Usual considerations about Leibniz rule and the compatibility between the Riemannian metric and its Levi-Civita connection gives the equality $$ (\nabla_X\Rm)(Y,Z,V,W) = g((\nabla_XR)(Y,Z)V,W). $$ In short, it says that the covariant differentiation commutes with the musical isomorphism. Let us sum this last equality over a cyclic permuation of $(X,Y,Z)$:
\begin{multline} (\nabla_X\Rm)(Y,Z,V,W)+(\nabla_Y\Rm)(Z,X,V,W)+(\nabla_Z\Rm)(X,Y,V,W) = \\ g((\nabla_XR)(Y,Z)V+(\nabla_YR)(Z,X)V+ (\nabla_ZR)(X,Y)V,W). \end{multline}
Hence, (2) being true is equivalent to $$\tag{3} (\nabla_X\Rm)(Y,Z,V,W)+(\nabla_Y\Rm)(Z,X,V,W)+(\nabla_Z\Rm)(X,Y,V,W) =0. $$
Since $\Rm(A,B,C,D) = \Rm(C,D,A,B)$, so does its covariant derivative: $(\nabla_X\Rm)(A,B,C,D) = (\nabla_X\Rm)(C,D,A,B)$ (this is a direct application of Leibniz rule).
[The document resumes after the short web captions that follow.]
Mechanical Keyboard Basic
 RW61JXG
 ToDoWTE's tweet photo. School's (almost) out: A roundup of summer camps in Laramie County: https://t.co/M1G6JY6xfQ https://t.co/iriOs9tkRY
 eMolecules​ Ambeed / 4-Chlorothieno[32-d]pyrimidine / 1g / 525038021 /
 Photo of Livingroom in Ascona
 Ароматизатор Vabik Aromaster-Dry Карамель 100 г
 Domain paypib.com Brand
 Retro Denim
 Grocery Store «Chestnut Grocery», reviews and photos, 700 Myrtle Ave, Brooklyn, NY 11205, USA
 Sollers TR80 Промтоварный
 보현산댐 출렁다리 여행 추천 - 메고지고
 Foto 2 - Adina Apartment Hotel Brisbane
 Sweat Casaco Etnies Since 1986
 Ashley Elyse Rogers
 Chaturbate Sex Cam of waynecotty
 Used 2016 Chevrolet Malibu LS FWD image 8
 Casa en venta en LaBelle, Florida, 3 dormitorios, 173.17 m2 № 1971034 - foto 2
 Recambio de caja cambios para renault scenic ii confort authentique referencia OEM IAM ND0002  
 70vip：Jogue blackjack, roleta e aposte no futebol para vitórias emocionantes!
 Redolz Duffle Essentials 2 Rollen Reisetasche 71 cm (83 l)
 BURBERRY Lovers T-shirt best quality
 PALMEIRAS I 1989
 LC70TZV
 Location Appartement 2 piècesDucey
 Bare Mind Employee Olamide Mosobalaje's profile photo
Hence, (3) is equivalent to $$ (\nabla_X\Rm)(V,W,Y,Z)+(\nabla_Y\Rm)(V,W,Z,X)+(\nabla_Z\Rm)(V,W,X,Y) =0, $$ which is now basically (1) with a suitable relabelling of the variables.
If I may make a small comment: I think the notation $\nabla T (X_1,\ldots,X_n)$ for the covariant derivative of a tensor is confusing. I'd rather write $(\nabla_{X_1}T)(X_2,\ldots,X_{n})$ or $(\nabla_{X_n}T)(X_1,\ldots,X_{n-1})$, which leaves no room for doubt. Some authors (e.g Gallot-Hulin-Lafontaine) write $(\nabla T)(X_1;X_2,\ldots,X_n)$ (maybe $(\nabla T)(X_1,\ldots,X_{n-1};X_n)$) to emphasis the difference between the direction of differentiation and the other directions.